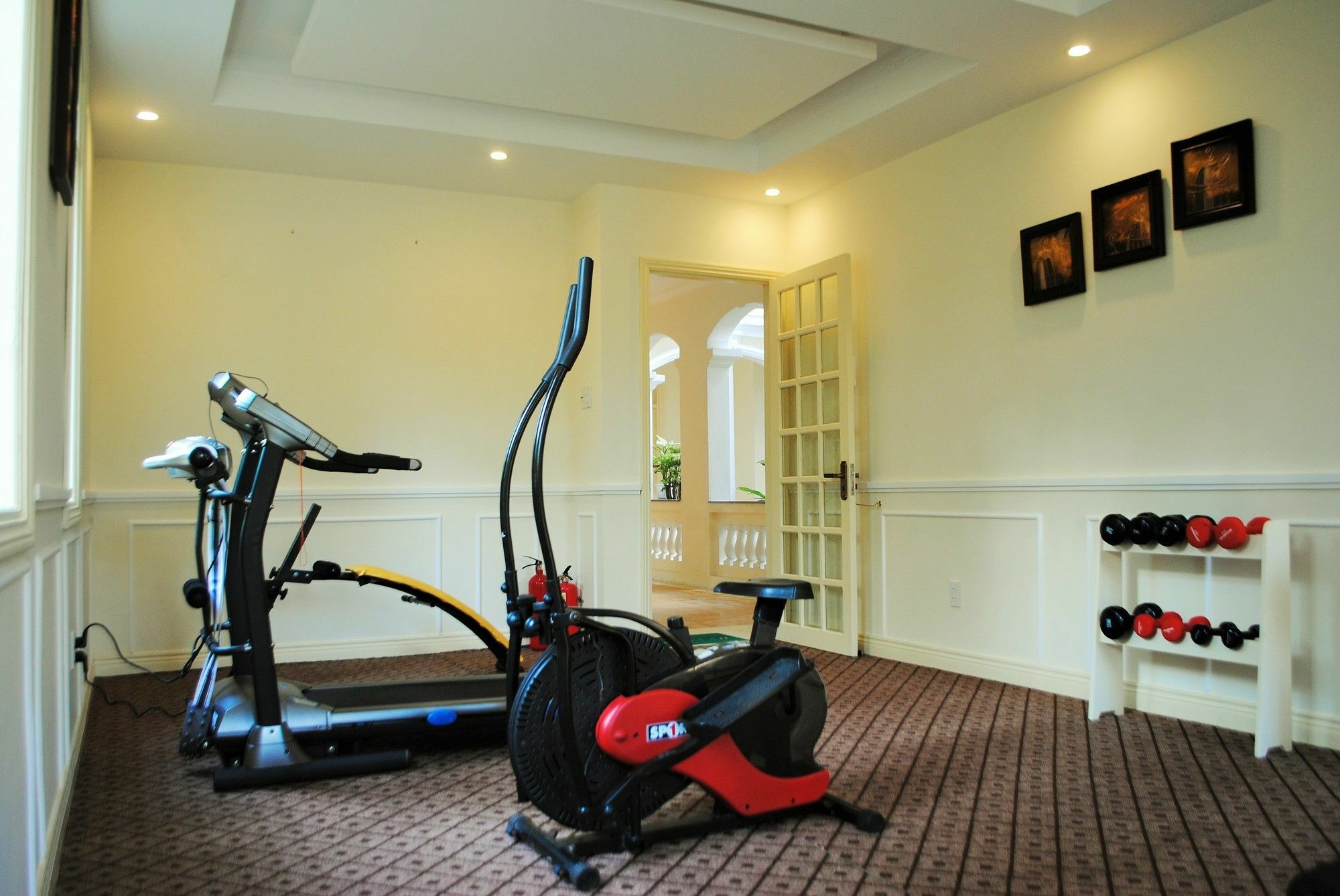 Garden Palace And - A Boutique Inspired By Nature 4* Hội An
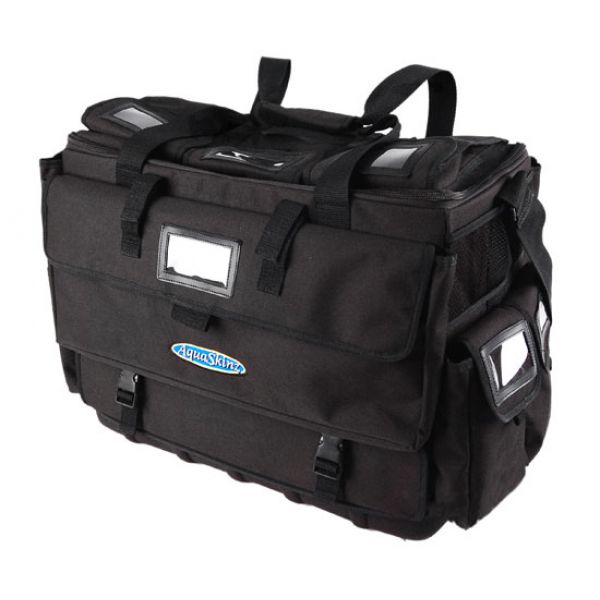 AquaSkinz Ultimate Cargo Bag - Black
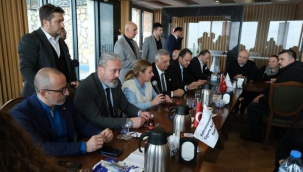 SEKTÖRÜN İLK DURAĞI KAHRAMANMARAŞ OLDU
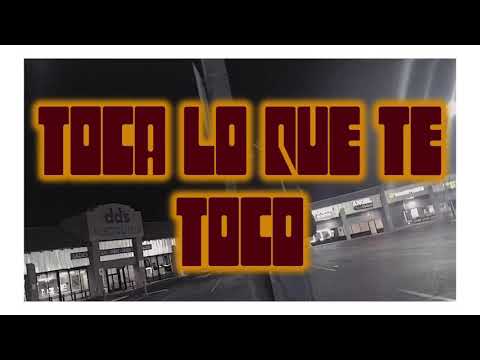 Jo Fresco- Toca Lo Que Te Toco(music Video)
--
_Instructions for the task_
What is needed is an exact copy of the data, without any pictures.

_Result_
 Garden Palace And - A Boutique Inspired By Nature 4* Hội An
 AquaSkinz Ultimate Cargo Bag - Black
 SEKTÖRÜN İLK DURAĞI KAHRAMANMARAŞ OLDU
 Jo Fresco- Toca Lo Que Te Toco(music Video)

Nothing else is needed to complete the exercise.